NASA sees Tropical Cyclone Amara spinning down

NASA sees Tropical Cyclone Amara spinning down
NASA's Aqua satellite passed over Tropical Cyclone Amara in the Southern Indian Ocean on Dec. 21 at 0940 UTC/4:50 a.m. EST when it was still at cyclone force and had an eye. Credit: NASA Goddard MODIS Rapid Response Team

Tropical Cyclone Amara ran into wind shear, and dropped from Category four hurricane on the Saffir-Simpson scale to a minimal tropical storm on December 23.
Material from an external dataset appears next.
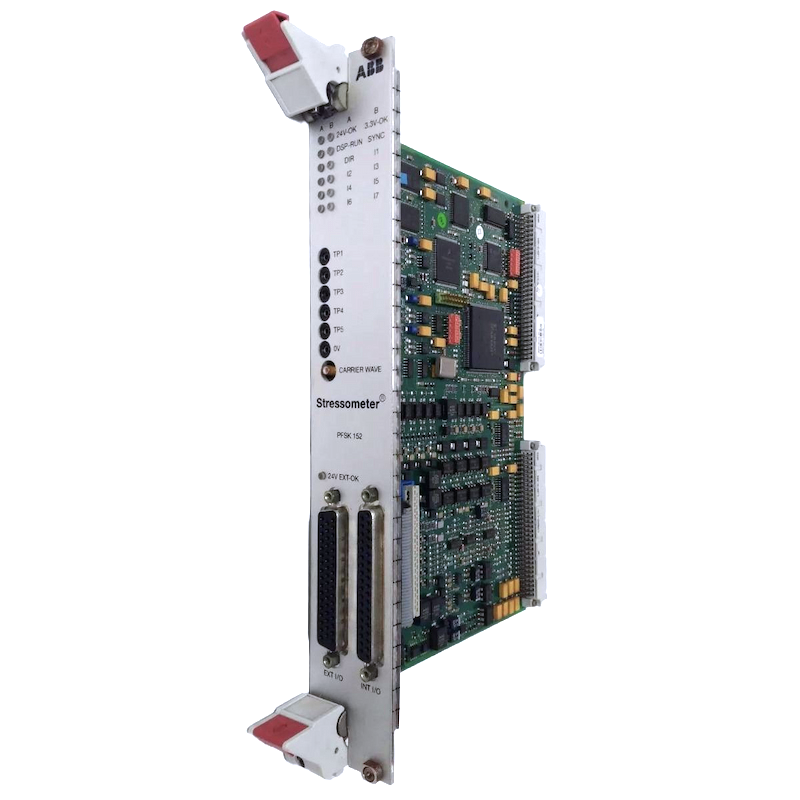 ASEA BROWN BOVERI - 3BSE018877R1 - PLC Expansion Modules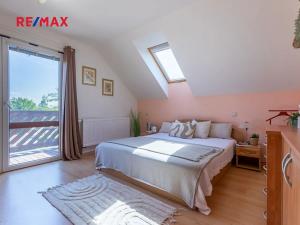 Prodej rodinného domu, Jevišovka, 123 m2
NASA's Aqua satellite passed over Tropical Cyclone Amara in the Southern Indian Ocean on Dec. 21 at 0940 UTC/4:50 a.m. EST when it was still at cyclone force and had an eye.

On December 23 at 1500 UTC, Amara's maximum sustained winds dropped to near 35 knots/40 mph/62 kph. It was located near 22.8 south latitude and 68.7 east longitude, about 657 nautical miles east-southeast of Port Louis, Mauritius. Amara was moving to the east at 5 knots/5.7 mph/9.2 kph.

Amara has ceased to qualify as a tropical cyclone and it is expected to become a remnant low pressure area in the next day or two.